Daher besteht das Risiko, dass die Androhung eines Zahlungsausfalls immer mehr zu einer gängigen Verhandlungstaktik wird. Immer wenn der Kongress geteilt ist, wird die Versuchung groß sein, auf die „nukleare Bedrohung“ zurückzugreifen, die notwendige Anhebung der Schuldenobergrenze zu blockieren, und wenn die Finanzmärkte das abermals entspannt sehen, könnten Politiker versucht sein, sich gegenseitig immer näher an den Abgrund zu treiben. Zumindest könnte uns dies weitere Behördenschließungen bescheren. Allerdings haben wir vergleichbare Fälle bereits überstanden. Das weltweite Ansehen der USA und des Dollar wird in Mitleidenschaft gezogen, doch ich erkenne in absehbarer Zukunft keine brauchbare Alternative für den Dollar als wichtigste Reservewährung. Somit dürften die Auswirkungen auch hier begrenzt sein.
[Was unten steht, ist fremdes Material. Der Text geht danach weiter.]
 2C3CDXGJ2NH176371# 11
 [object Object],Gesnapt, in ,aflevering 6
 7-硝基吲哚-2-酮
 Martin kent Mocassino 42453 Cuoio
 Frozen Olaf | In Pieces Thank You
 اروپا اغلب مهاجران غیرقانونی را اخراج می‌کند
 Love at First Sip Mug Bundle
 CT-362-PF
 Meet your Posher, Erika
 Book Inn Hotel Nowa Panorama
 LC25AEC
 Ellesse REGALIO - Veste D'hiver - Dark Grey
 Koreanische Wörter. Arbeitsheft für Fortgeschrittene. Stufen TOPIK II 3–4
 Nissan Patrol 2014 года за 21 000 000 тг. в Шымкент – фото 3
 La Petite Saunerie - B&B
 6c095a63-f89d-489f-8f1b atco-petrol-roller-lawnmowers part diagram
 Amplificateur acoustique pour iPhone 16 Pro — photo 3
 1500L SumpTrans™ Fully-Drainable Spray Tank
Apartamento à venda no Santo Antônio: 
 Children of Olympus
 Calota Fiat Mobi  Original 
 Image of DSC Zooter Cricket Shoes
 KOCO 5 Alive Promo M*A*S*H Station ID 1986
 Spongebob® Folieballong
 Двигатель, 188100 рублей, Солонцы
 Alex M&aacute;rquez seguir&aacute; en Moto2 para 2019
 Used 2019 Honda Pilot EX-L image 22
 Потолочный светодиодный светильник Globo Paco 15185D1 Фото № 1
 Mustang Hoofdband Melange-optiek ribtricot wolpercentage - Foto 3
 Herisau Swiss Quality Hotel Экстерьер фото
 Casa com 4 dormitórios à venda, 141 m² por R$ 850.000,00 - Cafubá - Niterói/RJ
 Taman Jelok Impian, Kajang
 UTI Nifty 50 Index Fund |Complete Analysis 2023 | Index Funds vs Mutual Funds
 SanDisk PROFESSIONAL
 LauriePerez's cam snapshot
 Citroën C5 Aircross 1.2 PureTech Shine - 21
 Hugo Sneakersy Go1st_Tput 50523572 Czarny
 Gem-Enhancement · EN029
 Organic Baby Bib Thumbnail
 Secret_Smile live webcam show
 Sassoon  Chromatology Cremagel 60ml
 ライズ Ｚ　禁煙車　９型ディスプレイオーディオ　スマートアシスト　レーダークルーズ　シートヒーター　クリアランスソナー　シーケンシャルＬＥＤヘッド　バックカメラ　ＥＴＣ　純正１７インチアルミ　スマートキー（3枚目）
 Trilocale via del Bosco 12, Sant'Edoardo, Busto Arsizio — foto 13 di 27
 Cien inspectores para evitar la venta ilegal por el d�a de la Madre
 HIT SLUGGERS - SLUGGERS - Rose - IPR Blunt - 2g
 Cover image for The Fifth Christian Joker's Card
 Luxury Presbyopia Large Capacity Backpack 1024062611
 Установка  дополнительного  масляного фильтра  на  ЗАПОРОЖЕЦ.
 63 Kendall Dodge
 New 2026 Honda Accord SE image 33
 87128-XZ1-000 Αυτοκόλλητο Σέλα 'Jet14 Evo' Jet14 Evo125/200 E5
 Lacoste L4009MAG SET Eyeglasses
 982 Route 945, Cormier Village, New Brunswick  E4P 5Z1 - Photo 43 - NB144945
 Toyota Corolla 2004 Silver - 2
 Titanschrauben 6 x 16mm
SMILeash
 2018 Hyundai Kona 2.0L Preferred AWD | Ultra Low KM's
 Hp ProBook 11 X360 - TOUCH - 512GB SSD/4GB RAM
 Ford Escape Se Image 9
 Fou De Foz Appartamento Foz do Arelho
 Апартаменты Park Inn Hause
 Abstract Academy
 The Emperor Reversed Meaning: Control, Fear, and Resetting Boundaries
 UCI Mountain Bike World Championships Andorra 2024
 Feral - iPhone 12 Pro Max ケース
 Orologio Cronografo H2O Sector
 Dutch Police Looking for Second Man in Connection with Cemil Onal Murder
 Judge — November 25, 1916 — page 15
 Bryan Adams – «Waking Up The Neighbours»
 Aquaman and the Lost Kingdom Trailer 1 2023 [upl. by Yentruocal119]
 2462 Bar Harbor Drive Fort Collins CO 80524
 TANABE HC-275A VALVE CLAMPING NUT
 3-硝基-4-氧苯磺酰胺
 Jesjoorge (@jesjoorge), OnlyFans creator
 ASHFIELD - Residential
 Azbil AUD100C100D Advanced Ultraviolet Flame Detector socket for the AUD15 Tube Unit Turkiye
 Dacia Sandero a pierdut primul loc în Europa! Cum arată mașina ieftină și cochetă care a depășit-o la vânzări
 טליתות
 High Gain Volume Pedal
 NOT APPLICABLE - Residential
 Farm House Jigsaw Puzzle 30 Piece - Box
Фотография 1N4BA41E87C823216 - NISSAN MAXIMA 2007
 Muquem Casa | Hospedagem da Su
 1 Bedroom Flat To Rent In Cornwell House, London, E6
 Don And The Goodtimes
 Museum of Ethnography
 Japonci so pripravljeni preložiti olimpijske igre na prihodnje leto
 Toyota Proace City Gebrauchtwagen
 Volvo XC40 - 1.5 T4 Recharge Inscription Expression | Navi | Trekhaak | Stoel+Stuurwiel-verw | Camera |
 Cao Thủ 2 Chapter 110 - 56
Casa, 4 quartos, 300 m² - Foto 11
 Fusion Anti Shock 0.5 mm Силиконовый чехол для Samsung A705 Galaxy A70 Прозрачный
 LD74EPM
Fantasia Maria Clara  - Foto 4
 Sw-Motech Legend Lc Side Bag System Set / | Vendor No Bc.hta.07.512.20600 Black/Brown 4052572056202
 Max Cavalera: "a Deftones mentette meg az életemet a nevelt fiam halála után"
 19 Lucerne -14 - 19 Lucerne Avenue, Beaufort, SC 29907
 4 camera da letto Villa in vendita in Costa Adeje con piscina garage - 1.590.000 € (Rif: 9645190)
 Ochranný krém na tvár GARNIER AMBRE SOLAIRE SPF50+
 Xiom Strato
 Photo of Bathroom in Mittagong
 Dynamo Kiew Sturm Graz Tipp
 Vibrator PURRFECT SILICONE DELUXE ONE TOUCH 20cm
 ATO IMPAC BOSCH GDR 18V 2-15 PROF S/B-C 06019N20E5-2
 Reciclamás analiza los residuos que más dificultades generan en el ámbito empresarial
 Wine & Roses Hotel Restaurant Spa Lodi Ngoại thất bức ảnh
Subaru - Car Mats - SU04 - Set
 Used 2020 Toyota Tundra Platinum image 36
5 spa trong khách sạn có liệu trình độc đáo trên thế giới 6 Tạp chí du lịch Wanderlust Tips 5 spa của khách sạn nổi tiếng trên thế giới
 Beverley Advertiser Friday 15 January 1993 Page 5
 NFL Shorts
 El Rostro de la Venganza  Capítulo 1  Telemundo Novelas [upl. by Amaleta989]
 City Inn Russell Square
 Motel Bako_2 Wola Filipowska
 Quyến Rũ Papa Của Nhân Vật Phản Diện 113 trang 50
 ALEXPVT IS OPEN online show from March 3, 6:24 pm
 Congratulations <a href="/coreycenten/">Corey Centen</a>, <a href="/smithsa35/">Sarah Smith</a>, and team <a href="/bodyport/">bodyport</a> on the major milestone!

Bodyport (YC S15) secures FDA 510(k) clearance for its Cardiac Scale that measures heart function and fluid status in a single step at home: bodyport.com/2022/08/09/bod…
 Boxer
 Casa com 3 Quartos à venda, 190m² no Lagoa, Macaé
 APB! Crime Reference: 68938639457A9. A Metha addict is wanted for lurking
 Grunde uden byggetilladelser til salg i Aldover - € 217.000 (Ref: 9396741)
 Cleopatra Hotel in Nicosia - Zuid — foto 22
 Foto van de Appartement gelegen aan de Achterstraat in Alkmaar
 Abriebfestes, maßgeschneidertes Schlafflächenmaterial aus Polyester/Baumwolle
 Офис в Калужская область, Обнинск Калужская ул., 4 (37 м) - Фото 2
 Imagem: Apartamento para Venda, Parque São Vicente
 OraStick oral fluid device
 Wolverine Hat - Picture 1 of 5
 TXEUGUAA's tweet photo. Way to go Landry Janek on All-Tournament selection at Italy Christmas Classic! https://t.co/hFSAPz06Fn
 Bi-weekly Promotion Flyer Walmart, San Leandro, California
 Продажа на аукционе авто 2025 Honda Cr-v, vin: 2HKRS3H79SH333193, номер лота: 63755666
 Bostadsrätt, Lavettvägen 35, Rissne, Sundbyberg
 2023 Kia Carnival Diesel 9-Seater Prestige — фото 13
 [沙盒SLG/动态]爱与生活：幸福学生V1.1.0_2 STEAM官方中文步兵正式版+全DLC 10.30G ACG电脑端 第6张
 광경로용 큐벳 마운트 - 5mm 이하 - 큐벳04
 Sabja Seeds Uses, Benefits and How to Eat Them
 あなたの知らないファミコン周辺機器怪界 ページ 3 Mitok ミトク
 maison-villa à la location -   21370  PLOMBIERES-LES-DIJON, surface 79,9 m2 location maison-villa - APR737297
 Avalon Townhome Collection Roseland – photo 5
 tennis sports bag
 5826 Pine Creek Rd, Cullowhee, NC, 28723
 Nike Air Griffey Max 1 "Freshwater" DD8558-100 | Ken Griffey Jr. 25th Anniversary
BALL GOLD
Je mehr die politischen Parteien in Bezug auf die Schuldenhöhe ein waghalsiges Spiel treiben, ohne die zugrunde liegende fiskalische Schwäche zu beheben, desto größer ist allerdings das Risiko, dass dies an einem gewissen Punkt eine unerwartet drastische Spitze der Marktvolatilität auslösen wird.

Die unmittelbare Krise wurde abgewendet, doch der Schatten, den steigende Schulden auf die Finanzmärkte werfen, ist nach meiner Auffassung bedrohlicher geworden.